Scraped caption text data
----------------

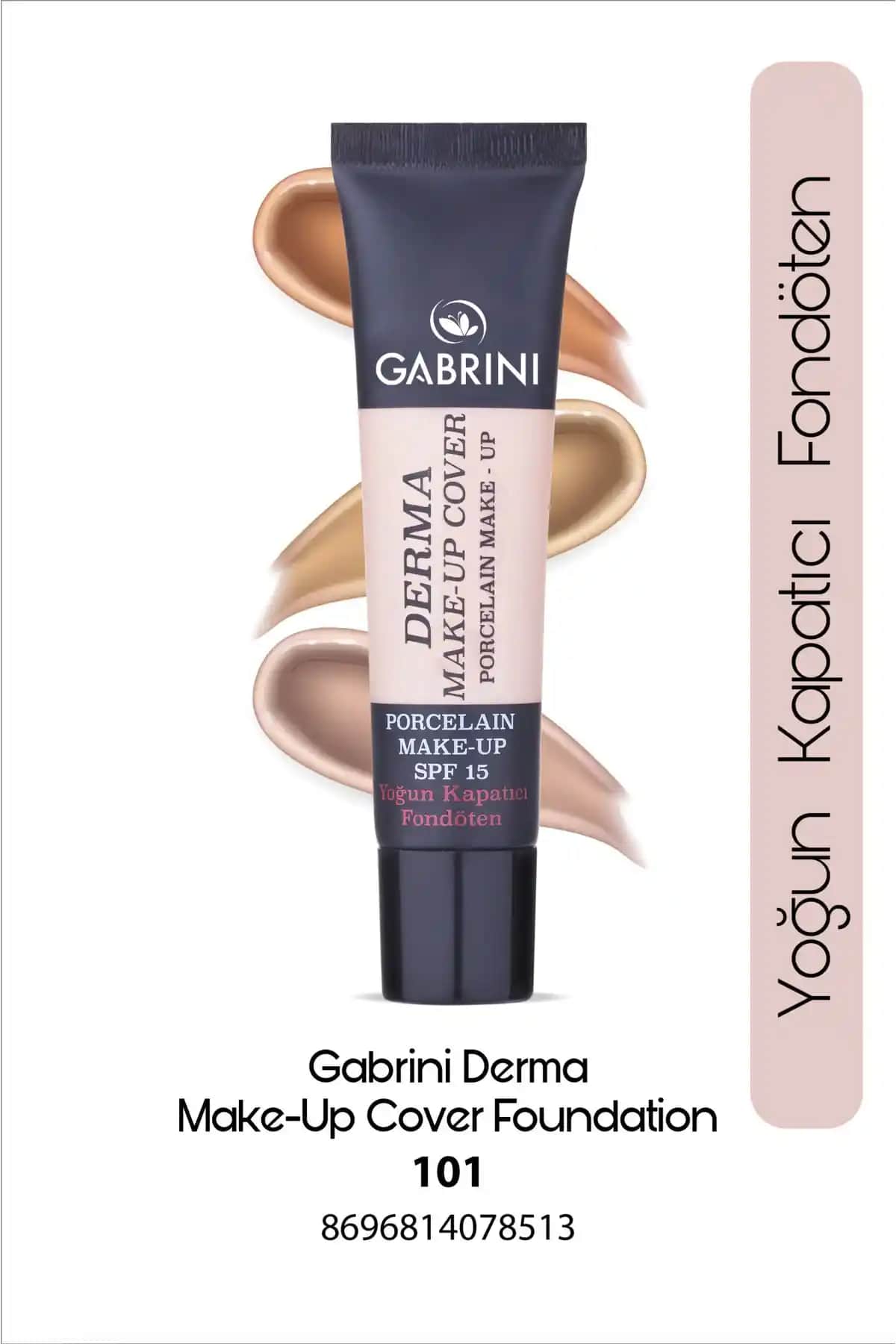 Gabrini Fondöten Karşılaştırması: Derma Make-up Cover ve Visible Matte Özellikleri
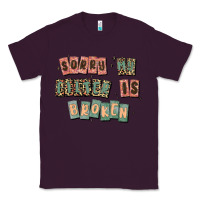 Plum sorry my filter is broken Classic Tee - MaliasSmallBusiness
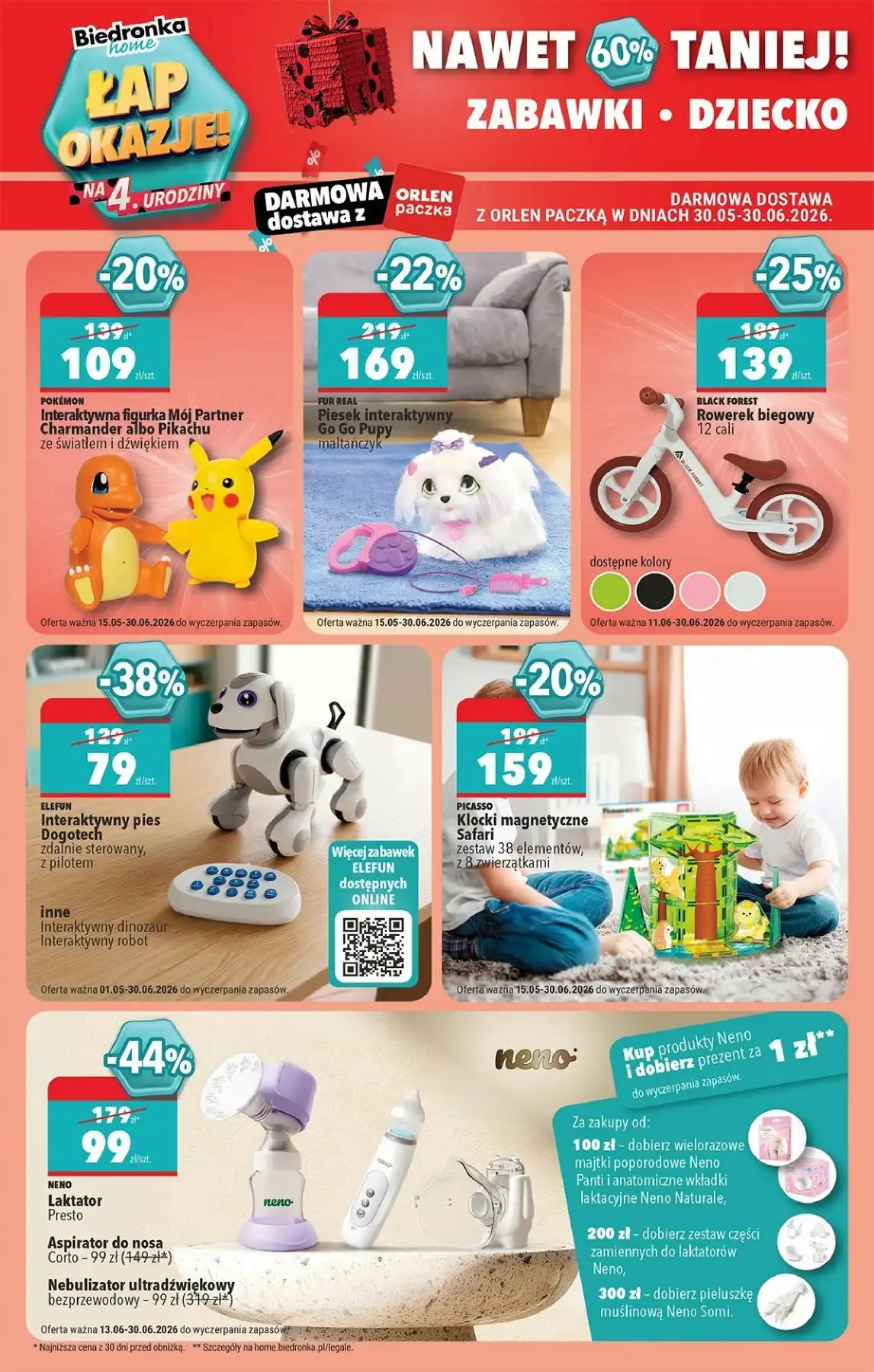 Biedronka Gazetka Promocyjna Od 06.07.2026 – 11.07.2026 - Zdjęcie 6 Hity I Inspiracje Od 13.06
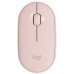Мышь Logitech Pebble M350 розовый оптическая 1000dpi беспров. BT USB 2but (910-005575)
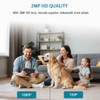 CIAJIE Two Way Video Camera,Indoor Home Security Cameras Pet Dog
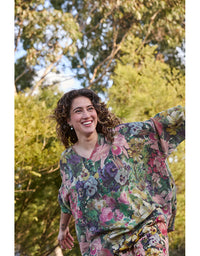 Calla Bloom Knit Jumper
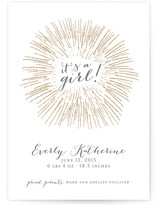 Hooray Birth Announcements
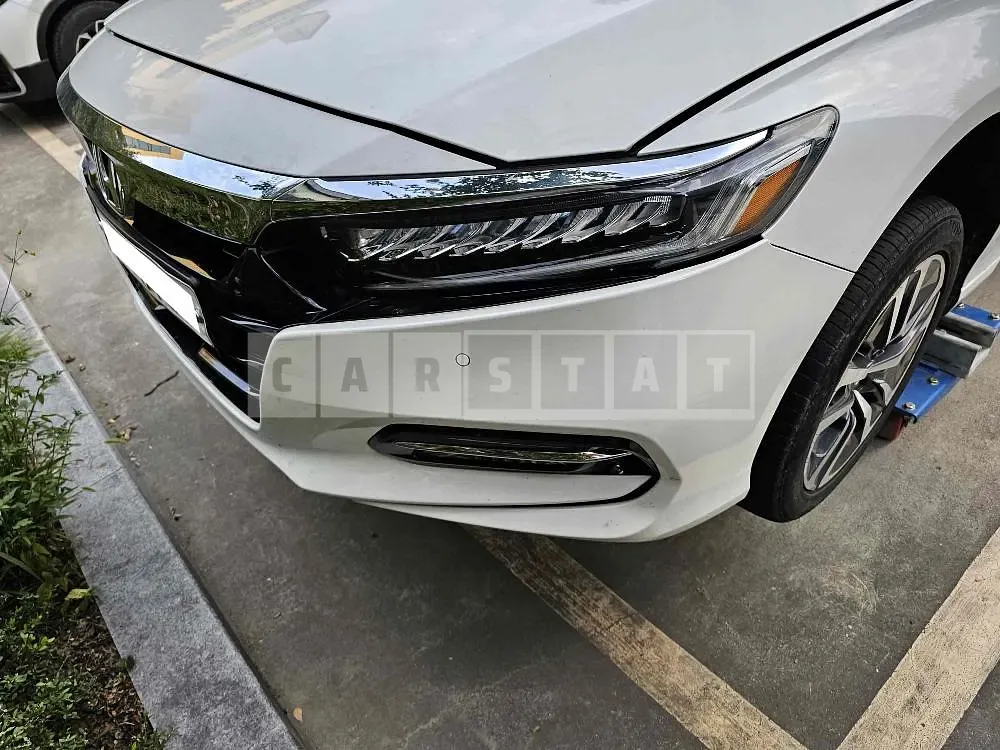 Photo 2 of 14: 2018 Honda Accord Hybrid, VIN 1HGCV3690JA511529 — Korean insurance auction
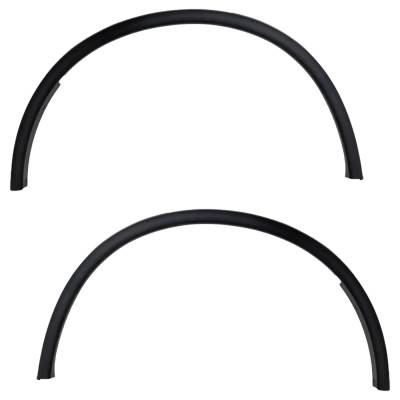 Rareelectrical - New Rear Left And Rear Right Fender Trim Compatible With Dodge Durango Sxt 8 Cyl 5.7L Durango - Image 2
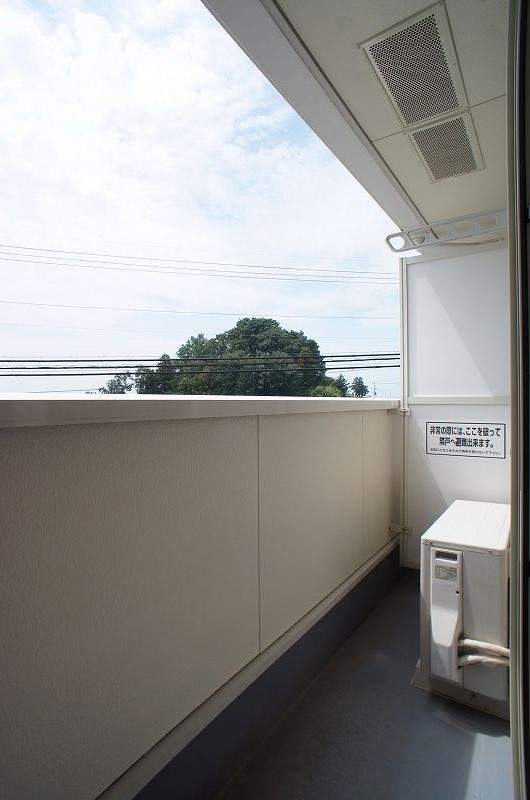 11/20 バルコニー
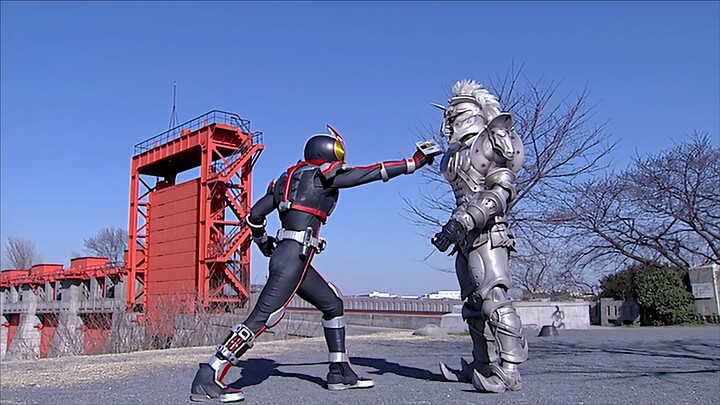 Kamen Rider Faiz - When Haitang's Faiz meets Kiba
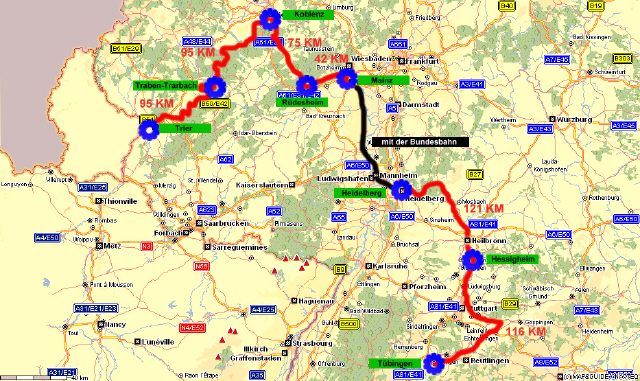 Neckar-Rhein-Mosel-Route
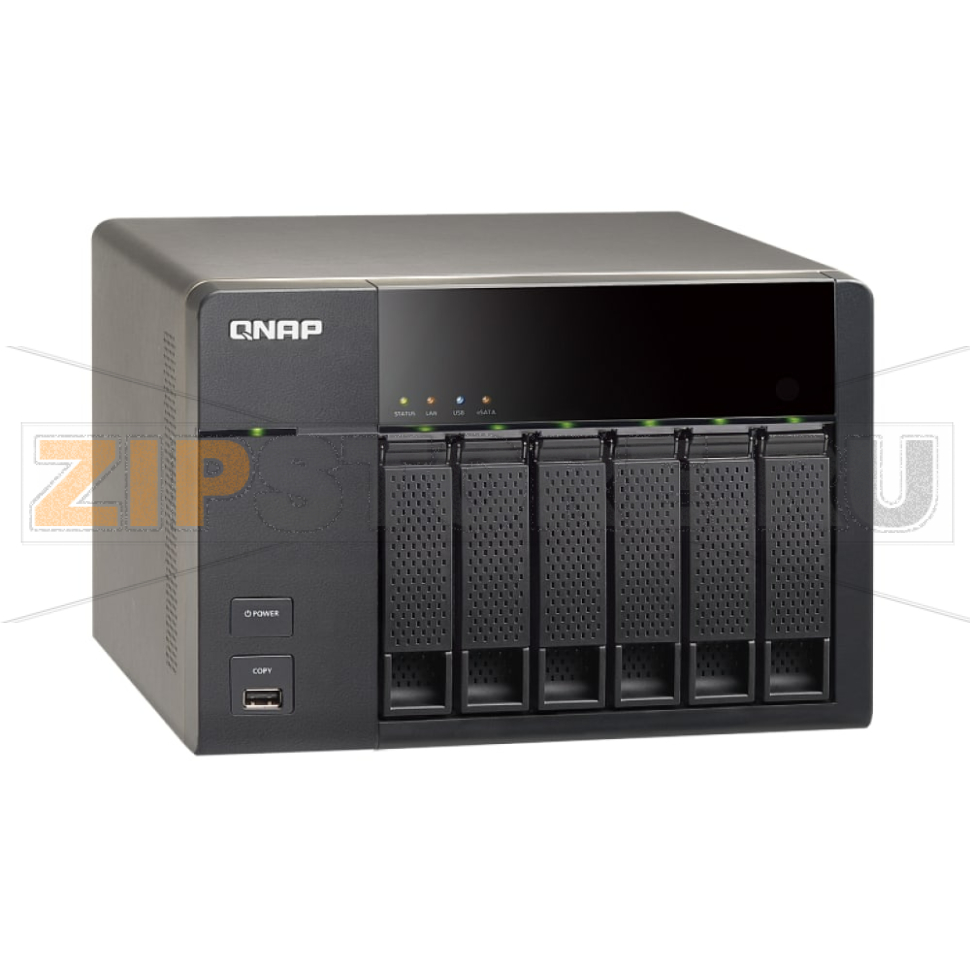 Накопитель сетевой QNAP TS-669L 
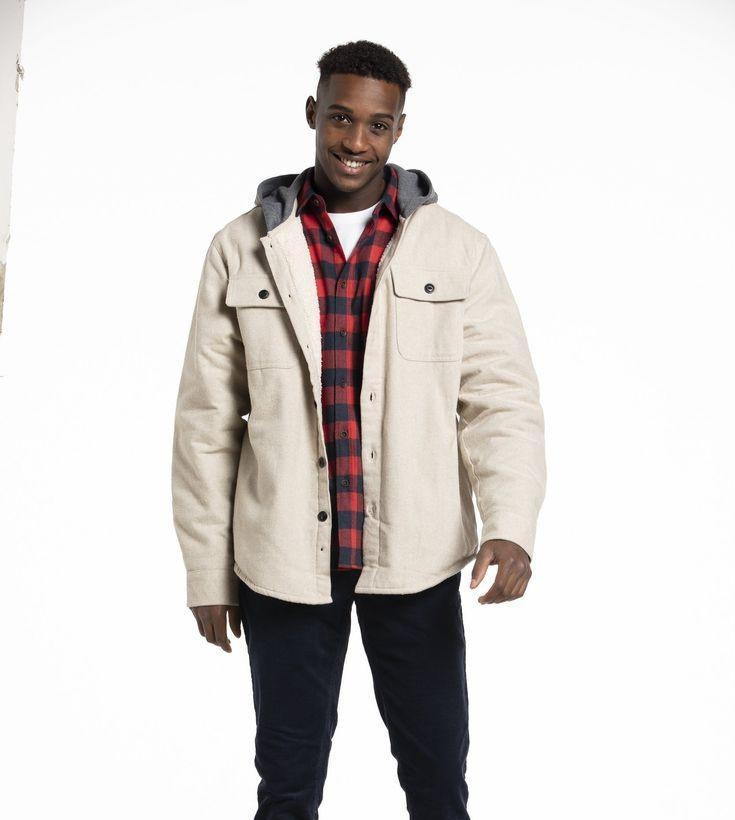 gaya jaket parka 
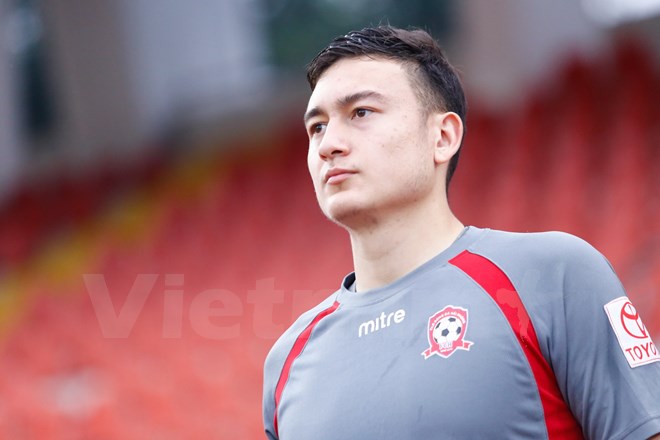 Văn Lâm: Lạch Tray không có cổ động viên thì đâu còn là “chảo lửa”. Ảnh: Minh Chiến.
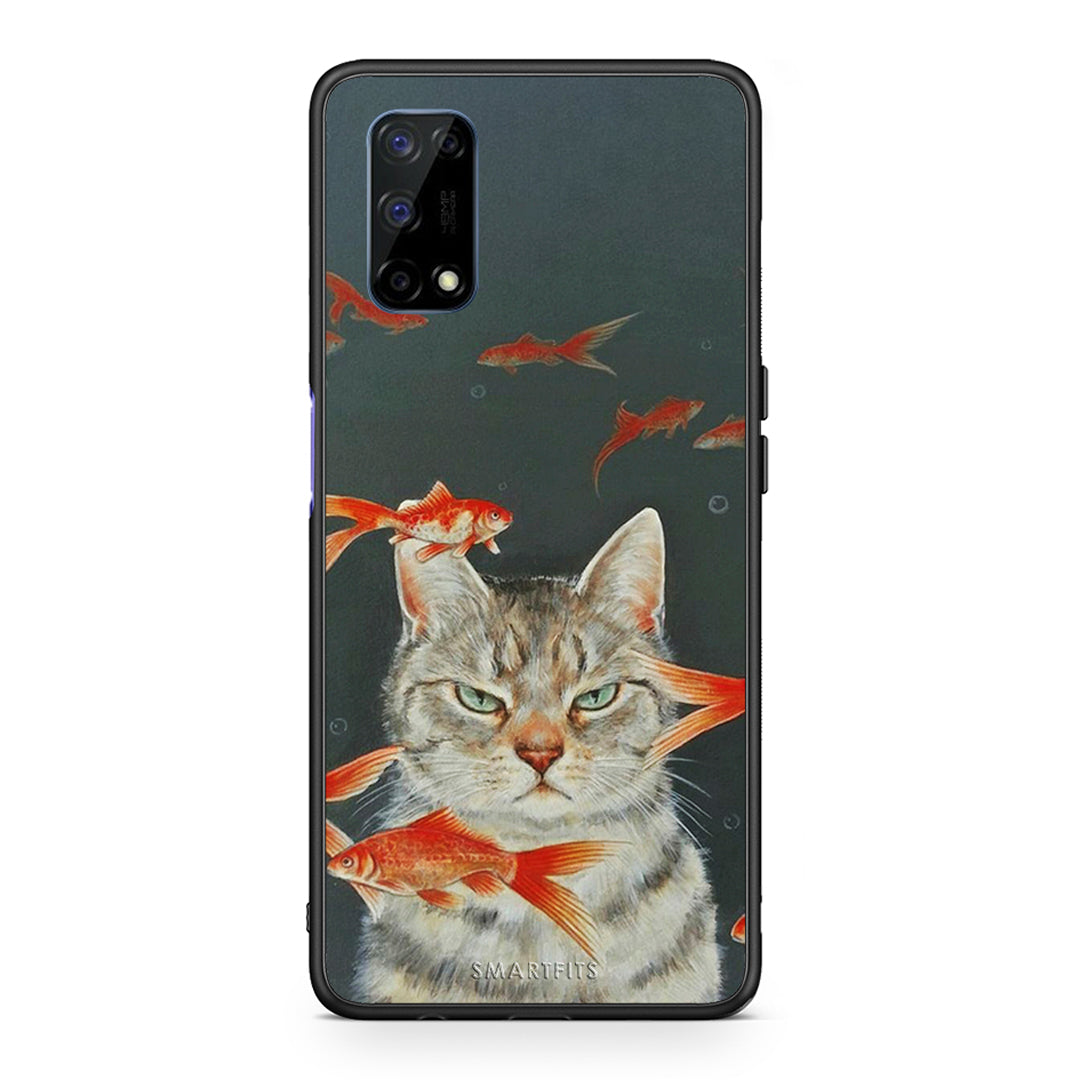 Cat Goldfish - Realme 7 5G θήκη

----------------

Task objective ::
An exact retyping of each record, with no pictures, is the answer required.

Result ::
 Gabrini Fondöten Karşılaştırması: Derma Make-up Cover ve Visible Matte Özellikleri
 Plum sorry my filter is broken Classic Tee - MaliasSmallBusiness
 Biedronka Gazetka Promocyjna Od 06.07.2026 – 11.07.2026 - Zdjęcie 6 Hity I Inspiracje Od 13.06
Мышь Logitech Pebble M350 розовый оптическая 1000dpi беспров. BT USB 2but (910-005575)
 CIAJIE Two Way Video Camera,Indoor Home Security Cameras Pet Dog
 Calla Bloom Knit Jumper
 Hooray Birth Announcements
 Photo 2 of 14: 2018 Honda Accord Hybrid, VIN 1HGCV3690JA511529 — Korean insurance auction
 Rareelectrical - New Rear Left And Rear Right Fender Trim Compatible With Dodge Durango Sxt 8 Cyl 5.7L Durango - Image 2
 11/20 バルコニー
 Kamen Rider Faiz - When Haitang's Faiz meets Kiba
 Neckar-Rhein-Mosel-Route
 Накопитель сетевой QNAP TS-669L 
 gaya jaket parka 
 Văn Lâm: Lạch Tray không có cổ động viên thì đâu còn là “chảo lửa”. Ảnh: Minh Chiến.
 Cat Goldfish - Realme 7 5G θήκη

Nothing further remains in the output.